▶ AVAILABLE DATA:
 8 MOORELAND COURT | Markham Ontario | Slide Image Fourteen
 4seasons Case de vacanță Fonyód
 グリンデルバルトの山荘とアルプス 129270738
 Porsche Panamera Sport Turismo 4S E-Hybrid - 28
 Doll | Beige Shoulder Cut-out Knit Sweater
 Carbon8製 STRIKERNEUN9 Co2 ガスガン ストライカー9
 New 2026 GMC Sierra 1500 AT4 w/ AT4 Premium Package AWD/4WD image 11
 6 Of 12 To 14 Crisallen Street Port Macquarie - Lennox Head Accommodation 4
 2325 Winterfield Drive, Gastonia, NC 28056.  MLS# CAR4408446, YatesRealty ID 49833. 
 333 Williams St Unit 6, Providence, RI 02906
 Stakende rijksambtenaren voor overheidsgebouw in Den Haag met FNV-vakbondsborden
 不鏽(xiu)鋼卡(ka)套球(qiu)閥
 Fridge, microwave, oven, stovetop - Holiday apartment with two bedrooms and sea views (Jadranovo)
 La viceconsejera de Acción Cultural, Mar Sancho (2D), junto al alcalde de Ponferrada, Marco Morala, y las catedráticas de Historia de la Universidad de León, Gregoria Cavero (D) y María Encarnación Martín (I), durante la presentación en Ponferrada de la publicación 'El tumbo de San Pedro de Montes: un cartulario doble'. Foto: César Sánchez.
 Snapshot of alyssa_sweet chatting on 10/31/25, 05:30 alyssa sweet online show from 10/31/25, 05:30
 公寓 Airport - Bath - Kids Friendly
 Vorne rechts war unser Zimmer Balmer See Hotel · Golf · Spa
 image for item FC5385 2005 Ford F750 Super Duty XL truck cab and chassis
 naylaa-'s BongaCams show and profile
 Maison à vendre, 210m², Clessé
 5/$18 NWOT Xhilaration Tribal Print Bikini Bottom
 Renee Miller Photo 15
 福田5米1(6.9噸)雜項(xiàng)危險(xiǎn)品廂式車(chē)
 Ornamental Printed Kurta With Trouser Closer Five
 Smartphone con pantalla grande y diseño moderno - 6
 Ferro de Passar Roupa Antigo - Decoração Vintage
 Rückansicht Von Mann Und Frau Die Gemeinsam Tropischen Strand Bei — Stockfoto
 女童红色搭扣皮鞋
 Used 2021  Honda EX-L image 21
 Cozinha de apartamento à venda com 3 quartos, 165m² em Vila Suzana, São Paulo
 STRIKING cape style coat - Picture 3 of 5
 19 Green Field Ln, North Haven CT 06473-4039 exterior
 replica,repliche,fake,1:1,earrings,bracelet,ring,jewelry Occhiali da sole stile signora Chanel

▶ WORK ORDER: From the line holding "Porsche Panamera Sport" through the last line above, reproduce each line exactly and add nothing.

▶ SOLUTION TO THE PROBLEM:
 Porsche Panamera Sport Turismo 4S E-Hybrid - 28
 Doll | Beige Shoulder Cut-out Knit Sweater
 Carbon8製 STRIKERNEUN9 Co2 ガスガン ストライカー9
 New 2026 GMC Sierra 1500 AT4 w/ AT4 Premium Package AWD/4WD image 11
 6 Of 12 To 14 Crisallen Street Port Macquarie - Lennox Head Accommodation 4
 2325 Winterfield Drive, Gastonia, NC 28056.  MLS# CAR4408446, YatesRealty ID 49833. 
 333 Williams St Unit 6, Providence, RI 02906
 Stakende rijksambtenaren voor overheidsgebouw in Den Haag met FNV-vakbondsborden
 不鏽(xiu)鋼卡(ka)套球(qiu)閥
 Fridge, microwave, oven, stovetop - Holiday apartment with two bedrooms and sea views (Jadranovo)
 La viceconsejera de Acción Cultural, Mar Sancho (2D), junto al alcalde de Ponferrada, Marco Morala, y las catedráticas de Historia de la Universidad de León, Gregoria Cavero (D) y María Encarnación Martín (I), durante la presentación en Ponferrada de la publicación 'El tumbo de San Pedro de Montes: un cartulario doble'. Foto: César Sánchez.
 Snapshot of alyssa_sweet chatting on 10/31/25, 05:30 alyssa sweet online show from 10/31/25, 05:30
 公寓 Airport - Bath - Kids Friendly
 Vorne rechts war unser Zimmer Balmer See Hotel · Golf · Spa
 image for item FC5385 2005 Ford F750 Super Duty XL truck cab and chassis
 naylaa-'s BongaCams show and profile
 Maison à vendre, 210m², Clessé
 5/$18 NWOT Xhilaration Tribal Print Bikini Bottom
 Renee Miller Photo 15
 福田5米1(6.9噸)雜項(xiàng)危險(xiǎn)品廂式車(chē)
 Ornamental Printed Kurta With Trouser Closer Five
 Smartphone con pantalla grande y diseño moderno - 6
 Ferro de Passar Roupa Antigo - Decoração Vintage
 Rückansicht Von Mann Und Frau Die Gemeinsam Tropischen Strand Bei — Stockfoto
 女童红色搭扣皮鞋
 Used 2021  Honda EX-L image 21
 Cozinha de apartamento à venda com 3 quartos, 165m² em Vila Suzana, São Paulo
 STRIKING cape style coat - Picture 3 of 5
 19 Green Field Ln, North Haven CT 06473-4039 exterior
 replica,repliche,fake,1:1,earrings,bracelet,ring,jewelry Occhiali da sole stile signora Chanel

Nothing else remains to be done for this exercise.